In hopes of associating with a larger enterprise that could bolster the brewery, Bavarian merged with International Breweries Inc. (IBI) in 1959. The patriarch for the Schott family, William C. Schott, retired from the brewery at that time. Bill Schott remained in charge of the Bavarian plant and became an Executive Vice President of IBI. His brother, Louis, who had been involved in developing the new Bavarian/s Select image, remained until 1961 and then joined the family's Cincinnati Galvanizing Co. A year before, IBI added a new state of the art, $500,000 bottling to the Bavarian plant. In 1962 Bavarian's Beer received a first-prize award at a European beer festival. In an effort to improve distribution and increase sales, IBI had bottled their other brands of beers and ales in the Bavarian plant including, FrankenMuth, Old Dutch, Silver Bar and Phoenix along with Tropical Ale, IBI Malt Liquor and Malta Huey.
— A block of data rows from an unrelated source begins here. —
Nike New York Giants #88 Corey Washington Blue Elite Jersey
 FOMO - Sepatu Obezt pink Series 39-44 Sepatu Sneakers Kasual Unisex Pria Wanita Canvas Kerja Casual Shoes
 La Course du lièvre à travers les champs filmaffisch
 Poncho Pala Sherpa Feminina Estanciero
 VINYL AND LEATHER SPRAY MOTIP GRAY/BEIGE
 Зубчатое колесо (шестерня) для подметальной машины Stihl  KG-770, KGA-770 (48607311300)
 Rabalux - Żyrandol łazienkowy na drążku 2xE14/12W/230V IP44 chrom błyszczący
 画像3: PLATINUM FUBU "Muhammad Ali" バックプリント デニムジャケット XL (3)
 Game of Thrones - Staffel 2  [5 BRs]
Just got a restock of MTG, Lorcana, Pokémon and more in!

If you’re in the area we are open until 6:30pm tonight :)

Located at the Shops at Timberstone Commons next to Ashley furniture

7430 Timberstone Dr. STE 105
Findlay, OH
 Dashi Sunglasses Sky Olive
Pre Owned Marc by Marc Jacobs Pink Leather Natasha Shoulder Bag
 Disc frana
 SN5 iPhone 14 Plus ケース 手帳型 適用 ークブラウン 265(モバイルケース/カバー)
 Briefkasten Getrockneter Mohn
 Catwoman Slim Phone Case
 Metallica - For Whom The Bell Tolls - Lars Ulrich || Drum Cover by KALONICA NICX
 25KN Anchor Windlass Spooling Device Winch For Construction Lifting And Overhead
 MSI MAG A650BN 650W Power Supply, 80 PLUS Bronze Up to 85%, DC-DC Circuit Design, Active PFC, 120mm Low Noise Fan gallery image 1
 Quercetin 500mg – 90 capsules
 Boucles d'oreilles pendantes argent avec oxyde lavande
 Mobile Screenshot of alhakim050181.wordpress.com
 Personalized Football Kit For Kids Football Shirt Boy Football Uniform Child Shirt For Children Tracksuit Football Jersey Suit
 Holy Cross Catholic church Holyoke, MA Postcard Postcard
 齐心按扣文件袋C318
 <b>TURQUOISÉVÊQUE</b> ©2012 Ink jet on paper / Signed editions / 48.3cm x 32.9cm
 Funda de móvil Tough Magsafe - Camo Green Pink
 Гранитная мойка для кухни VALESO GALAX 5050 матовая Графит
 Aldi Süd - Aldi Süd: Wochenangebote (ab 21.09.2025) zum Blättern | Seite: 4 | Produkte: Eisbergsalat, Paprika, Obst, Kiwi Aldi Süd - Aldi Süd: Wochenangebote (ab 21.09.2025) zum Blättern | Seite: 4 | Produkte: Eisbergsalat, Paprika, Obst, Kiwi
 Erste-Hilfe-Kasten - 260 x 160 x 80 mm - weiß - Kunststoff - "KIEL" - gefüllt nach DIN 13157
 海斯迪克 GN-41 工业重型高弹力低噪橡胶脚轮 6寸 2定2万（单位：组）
In addition, IBI tried to enlarge the distribution area of Bavarian/s Beer by producing it in their other plants located in Tampa, FL, Buffalo, NY and Findlay, OH. Yet, despite some success, operations for Bavarian were just short of breaking even in 1962 and by 1964 there was a yearly loss of $500,000. IBI's strategy proved unsuccessful and fell victim to the economic advantages of the larger national brewers. Bill Schott left IBI in 1965, thus ending the involvement of the Riedlin and Schott families at Bavarian spanning 83 years. IBI exited the brewery business and changed their name in 1966. The Bavarian Brewery in Covington, KY, was closed that same year, one hundred years after the origins of the brewery began.

==Past and present uses of the property==
The landmark Bavarian Brewery building fell into disrepair over the next three decades. However, its accessibility and visibility from Interstate 75, just a couple exits from downtown Cincinnati, as well as its unique Romanesque and "castle like" architecture, made it an attractive economic development project for the City of Covington. In 1996 the property became listed on the National Register of Historic Places and was rehabilitated by Ken Lewis into the Brew Works at the Party Source for a couple of years. Then for eight years Jillian's operated it as a restaurant and nightclub, until it closed in 2006. The property was purchased in 2008 by Columbia Sussex, a casino and hotel company, with hopes that Kentucky would pass gambling laws, allowing the property to be converted as a casino. When that failed, the owner tried to tear down the main brewery structure, even though they had previously agreed to preserve it when they removed the former bottling plant and other ancillary buildings a few years earlier. This resulted in a "Save the Bavarian" movement to retain the brewery structure. At the same time, the administration offices for Kenton County had become outdated and alternative locations were being considered. After a study was conducted, Kenton County officials decided to purchase the former Bavarian Brewery property in 2016 for its own use. The former structure containing the Brew and Mill Houses was renovated and combined with a new building to form the Kenton County Government Center, opening in 2019. A Bavarian Brewery Exhibit, explaining the history of the brewery and property over 150 years, along with display cases showing artifacts, is located off of the main lobby of this office complex.